Seus membros também estão apagando informações pessoais da internet e aprendendo a usar softwares que codificam mensagens enviadas pela rede, dificultando sua interceptação.
Segundo a polícia, eles também teriam estudado a forma de organização de unidades de contenção de multidões da PM. O objetivo seria aprender sobre quais são as reações da polícia a cada tipo de ação dos manifestantes.
Para atacar os policiais, adotaram como tática de confronto o uso de bombas incendiárias (coquetéis molotov) e também estilingues – que usam para disparar bolas de gude contra forças de segurança. Os alvos dos estilingues seriam preferencialmente os policiais do patrulhamento regular (e não as unidades de choque), que não possuem capacetes de proteção.
Um policial disse à BBC Brasil que a tática é eficiente pois o estilingue pode causar traumatismo craniano, o usuário não pode ser acusado de usar uma arma e o instrumento pode ser reposto a custos muito baixos.
Imagens
Tanto em São Paulo como no Rio, as polícias tentam usar as imagens gravadas durante protestos – seja por cinegrafistas ou achadas em câmeras apreendidas com suspeitos – para identificar integrantes dos black blocs participando de ações violentas em diferentes protestos. As imagens devem servir ainda como provas no caso de os manifestantes serem indiciados ou denunciados.
No Rio, esse tipo de investigação com uso de imagens deve ser facilitada por uma lei aprovada pela Assembleia Legislativa e sancionada pelo governo que impede o uso de máscaras durante manifestações. Na capital paulista, a Câmara estuda adotar medida semelhante.
Policiais paulistas e cariocas também tentam encontrar o melhor embasamento jurídico para indiciar os manifestantes flagrados cometendo atos de violência e depredação.
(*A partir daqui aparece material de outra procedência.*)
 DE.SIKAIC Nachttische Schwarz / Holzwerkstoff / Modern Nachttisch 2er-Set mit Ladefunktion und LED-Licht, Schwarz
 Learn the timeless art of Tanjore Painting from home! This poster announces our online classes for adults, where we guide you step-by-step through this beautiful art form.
Em São Paulo, um delegado indiciou dois manifestantes presos no início do mês com base na Lei de Segurança Nacional, criada durante o regime militar. O argumento não convenceu a Justiça, que determinou a libertação dos manifestantes.
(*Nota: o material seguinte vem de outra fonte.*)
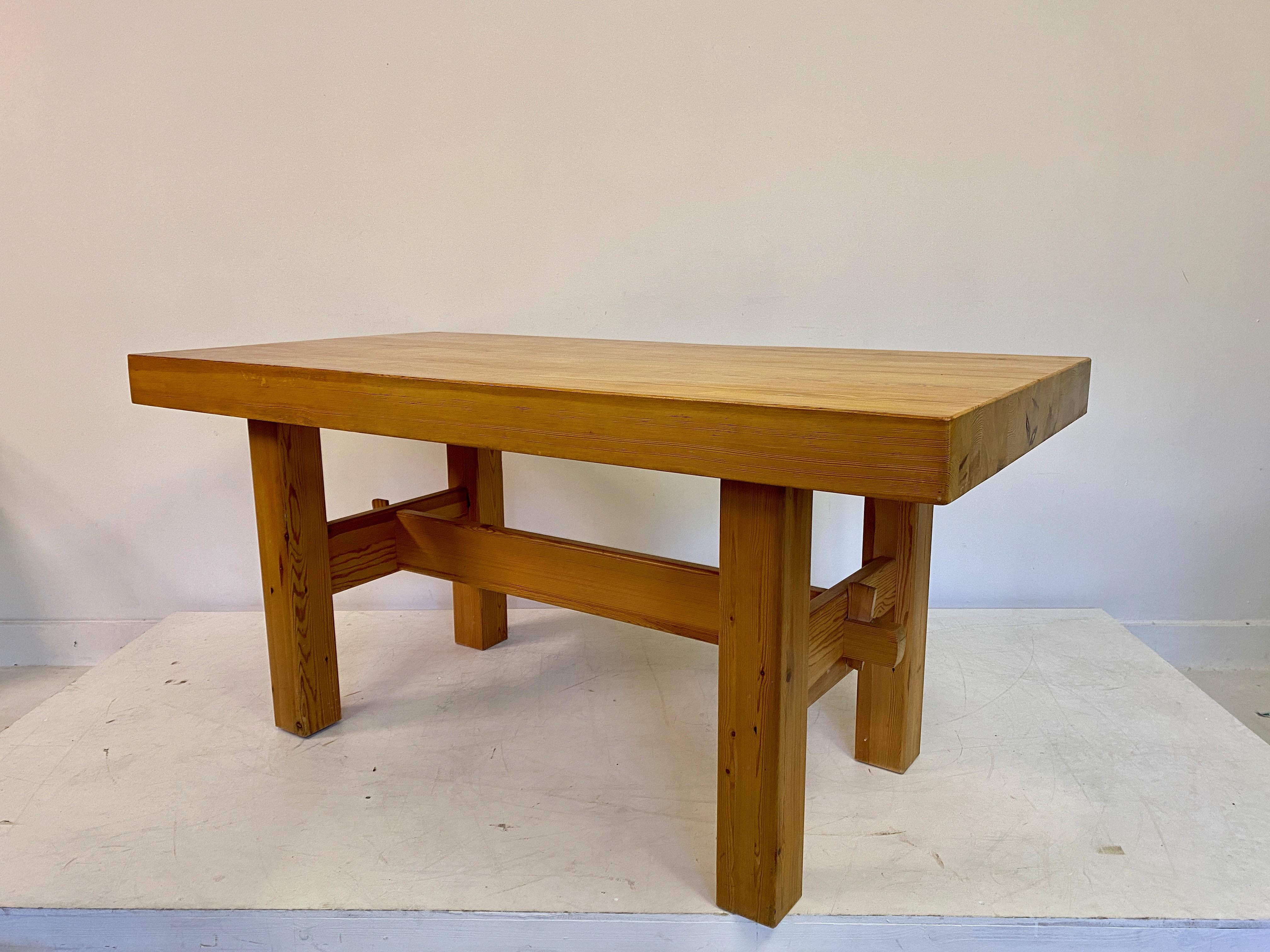 1970S Swedish Chunky Pine Dining Table Or Desk For Sale 3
Ainda no Rio, o governo anunciou que manifestantes detidos cometendo atos de violência podem ser indiciados pelo crime de organização criminosa, que em tese pode até render uma pena de oito anos de prisão.
Ação da PM
Na opinião do pesquisador Rafael Alcadipani, especialista em estudos organizacionais da Fundação Getúlio Vargas, apesar das semelhanças nas táticas e abordagens, a Polícia Militar de São Paulo estaria adotando um estilo de resposta às manifestações mais adequado do que o usado pelos policiais cariocas.
"Em São Paulo as bombas de efeito moral estão sendo usadas apenas como último recurso, e os policiais não estão caindo em provocação", afirmou o pesquisador, que entrevistou quase 100 manifestantes que se denominavam black blocs durante a recente onda de protestos no país como parte de seu trabalho de pesquisa.
Segundo ele, a melhor estratégia para lidar com o vandalismo durante protestos e passeatas é tentar abrir canais de diálogos entre os manifestantes e os políticos.
De acordo com o pesquisador, o grupo Black Blocs não pode ser classificado como organização criminosa e tratada como tal.
Ele diz acreditar que, diferente dos criminosos comuns, os black blocs não têm nas ações violentas sua atividade primária, nem obtém vantagens financeiras com suas ações, o que não tornaria adequado classificá-los como uma organização criminosa.
Para Alcadipani, ainda não é possível atribuir um grau elevado de organização aos manifestantes radicais. Ele vê o Black Blocs mais uma forma de protestar, importada da Alemanha e dos Estados Unidos, do que um grupo específico com uma agenda própria.
Nos círculos policiais prevalece o entendimento de que manifestantes presos por vandalismo devem ser combatidos e responsabilizados pelos seus crimes.